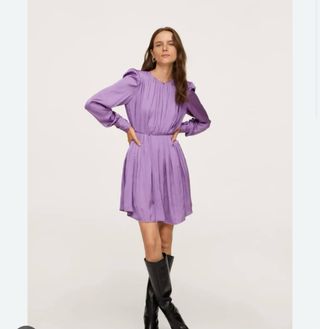 Vestido lila satinado Mango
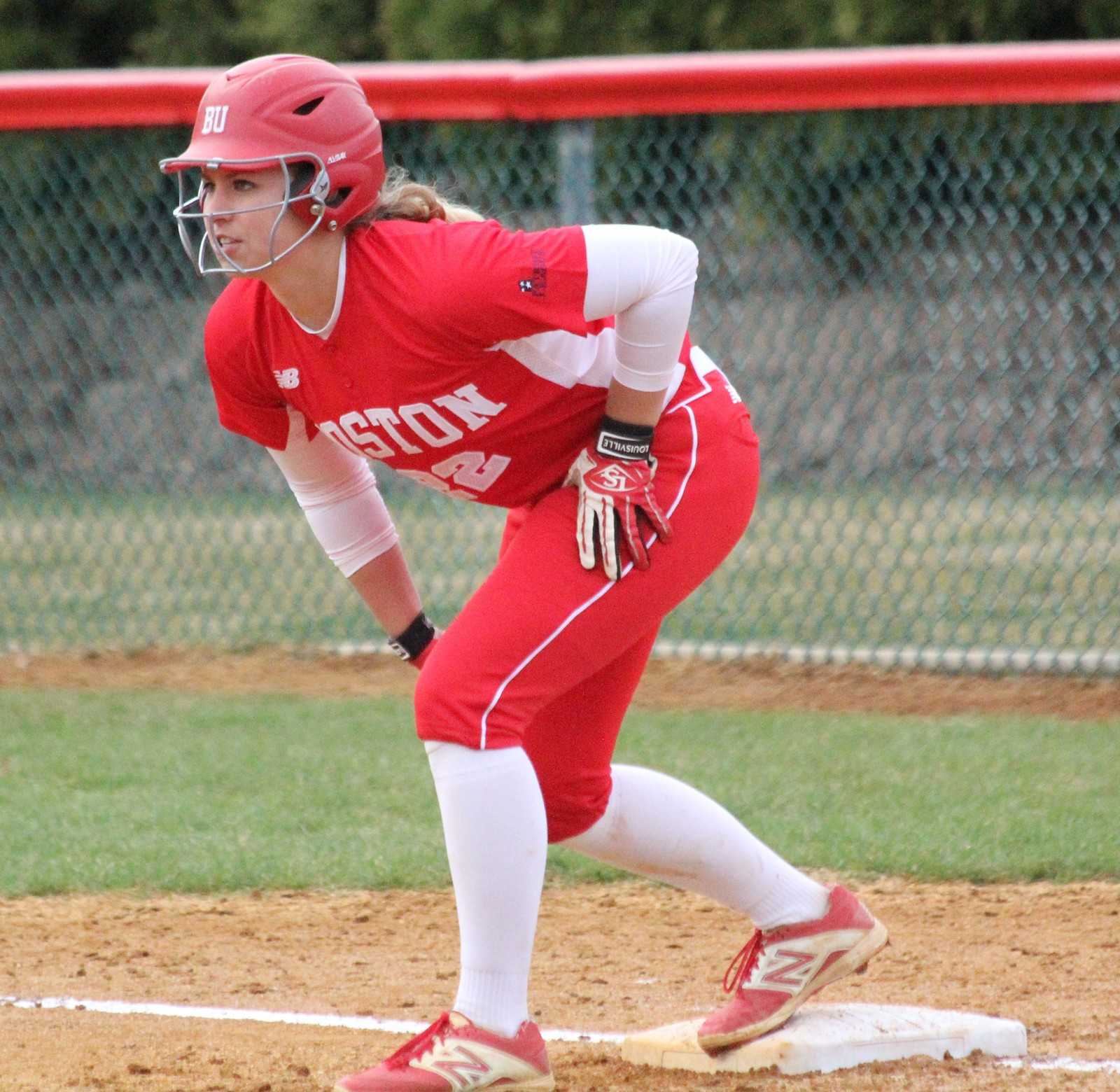 Kaitlin Sahlinger is now batting .222 on the year. PHOTO BY SOFIA FARENTINOS/DAILY FREE PRESS STAFF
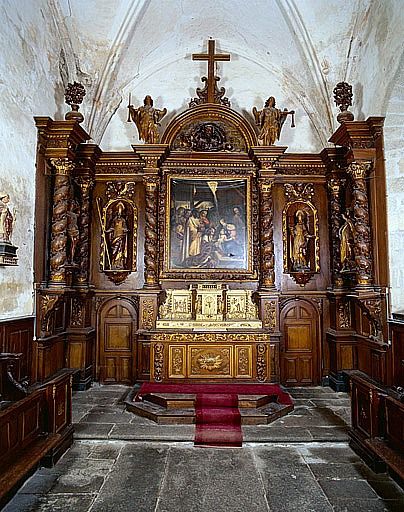 Retable du maître-autel, tableau : l'Adoration des Mages (ensemble du décor de choeur)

#### What to do
From the line containing "Kaitlin Sahlinger is" to the end of the listing, restate each line word for word and nothing more; the pictures stay out.

#### Task output
 Kaitlin Sahlinger is now batting .222 on the year. PHOTO BY SOFIA FARENTINOS/DAILY FREE PRESS STAFF
 Retable du maître-autel, tableau : l'Adoration des Mages (ensemble du décor de choeur)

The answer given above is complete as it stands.